--- START ---
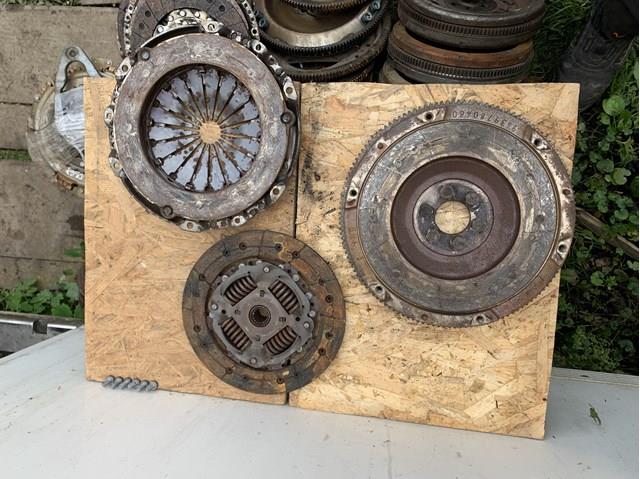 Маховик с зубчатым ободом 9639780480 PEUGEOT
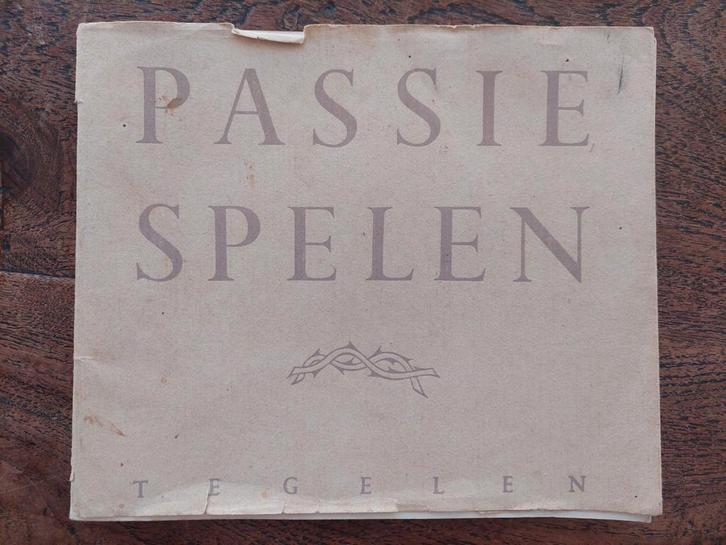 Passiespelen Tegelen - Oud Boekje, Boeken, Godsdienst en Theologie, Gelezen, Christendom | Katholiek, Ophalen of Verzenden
--- END ---
--- START ---
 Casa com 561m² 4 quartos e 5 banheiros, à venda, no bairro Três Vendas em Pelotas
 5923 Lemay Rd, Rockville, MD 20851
--- END ---
--- START ---
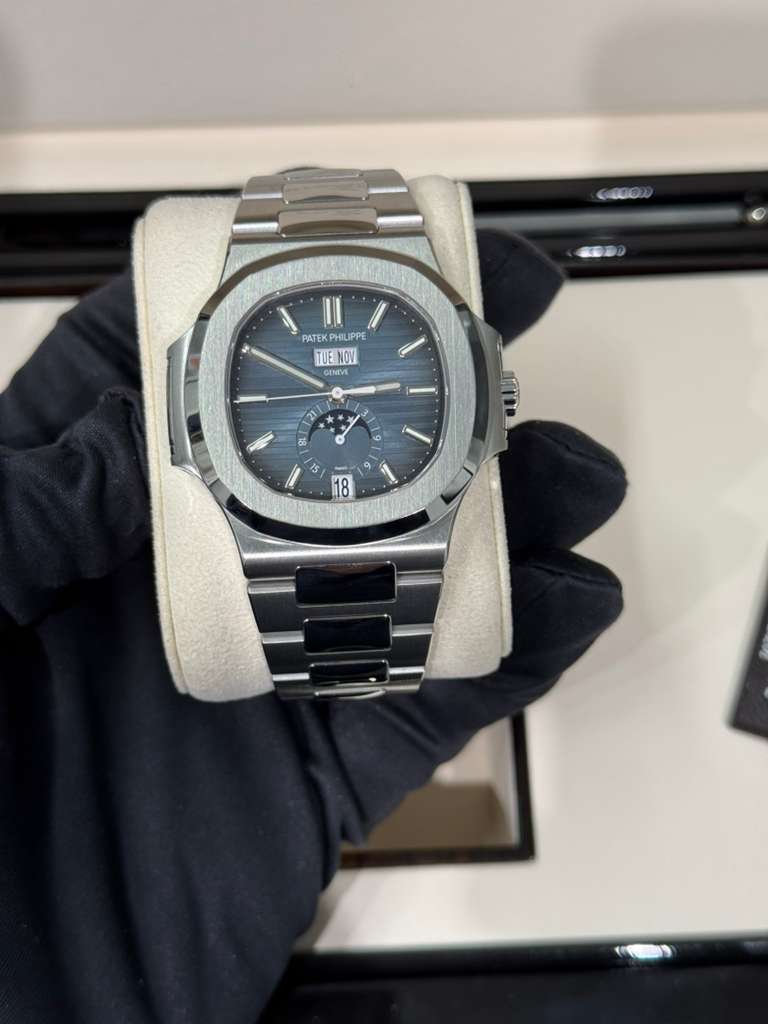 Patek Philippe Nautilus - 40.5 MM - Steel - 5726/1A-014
--- END ---
=== Task instructions ===
Both end lines included, restate word for word the lines above from the line with "Casa com 561m²" to the line with "5923 Lemay Rd, Rockville, MD 20851", and nothing else.

=== Answer to the exercise ===
 Casa com 561m² 4 quartos e 5 banheiros, à venda, no bairro Três Vendas em Pelotas
 5923 Lemay Rd, Rockville, MD 20851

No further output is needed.